What I found in my parents was a willingness to love others without expectations of love in return, AND they were both willing to express concern and offer suggestions when they felt someone were being hurtful to themselves or to others.  For me, that is what unconditional love is all about. 

As one by one, friends and family of my mom came to offer me their condolences, their stories were consistent.  My mom always had time for them, she always made them feel special and cared for, she never missed an opportunity to volunteer to help others, to give something away with love (many of you have her crosses that she crocheted with love.  Her last project was trying to learn to crochet a heart when she learned that maybe a cross wasn’t the best gift to give a Buddhist…)

I had a co-worker who had a sign in his office that has always stuck with me.  He had a wife and three children, and in the hectic stress-filled life of corporate work, I know it was often difficult to have work-life balance.  But he kept a sign in his office, that said “children spell love T.I.M.E.”  That is what I learned from my mom about cultivating unconditional love.  It is not about one heroic act or a grand gesture—it was about always having time to just be with me, to be with others, to be interested in their lives, to listen carefully to their hopes and dreams.  

I recommend that we shatter this old myth of unconditional love—it does not mean that we don’t care about what others are doing, but rather we care so much that we are willing to love them as they are and help them any way we can.

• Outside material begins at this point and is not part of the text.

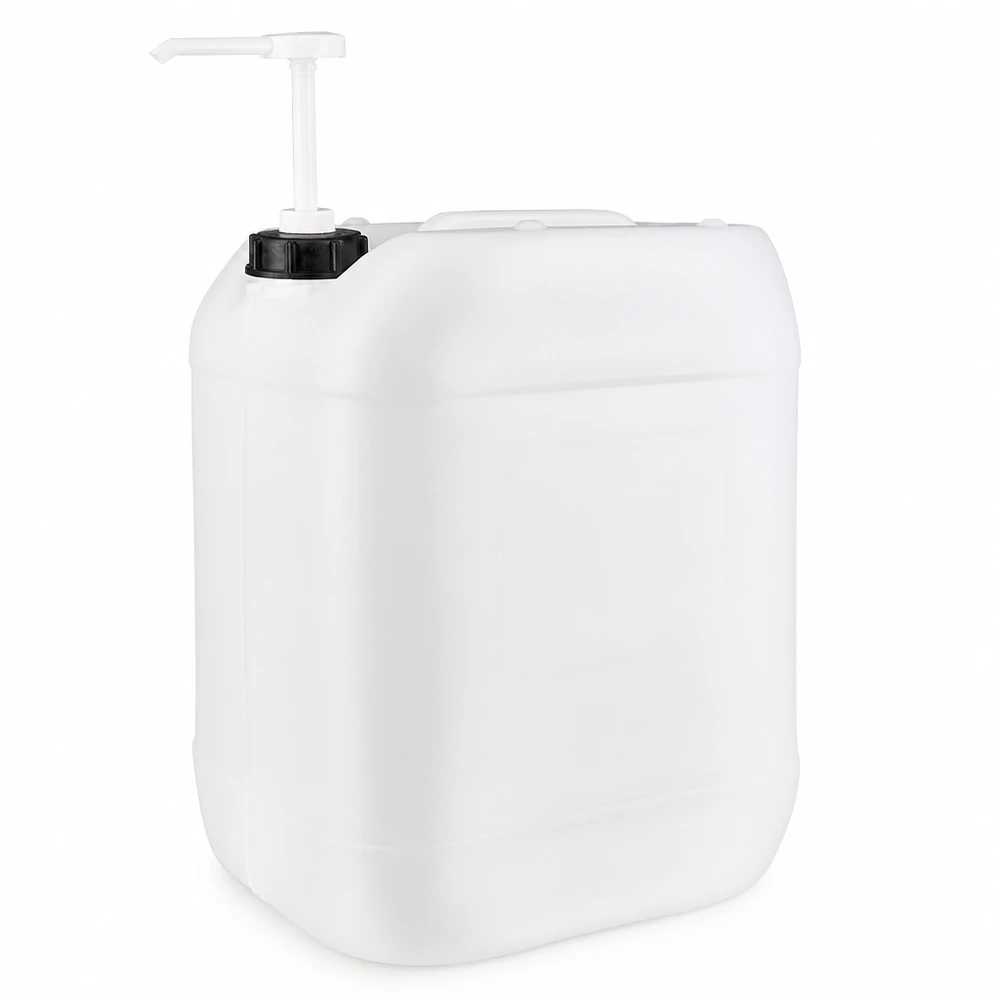 Hvid 20-liters plastdunk med hvid doseringspumpe på sort skruelåg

We do NOT have to be a doormat, but be a loving supporter, a spiritual cheerleader, a caring coach, an accepting partner, and knowing when to give someone a second or third or fourth chance.

My mom and dad were not perfect, but they were experts at unconditional love.   They were comfortable with being vulnerable and examining what they themselves could do better, and they accepted themselves and others in all their imperfections.  I am grateful for this amazing gift.   

Saturday, August 3, 2013

Being Love – 3 – The obstacles between our experience and being love


(For Podcast, click here.  For ITunes version, click here) 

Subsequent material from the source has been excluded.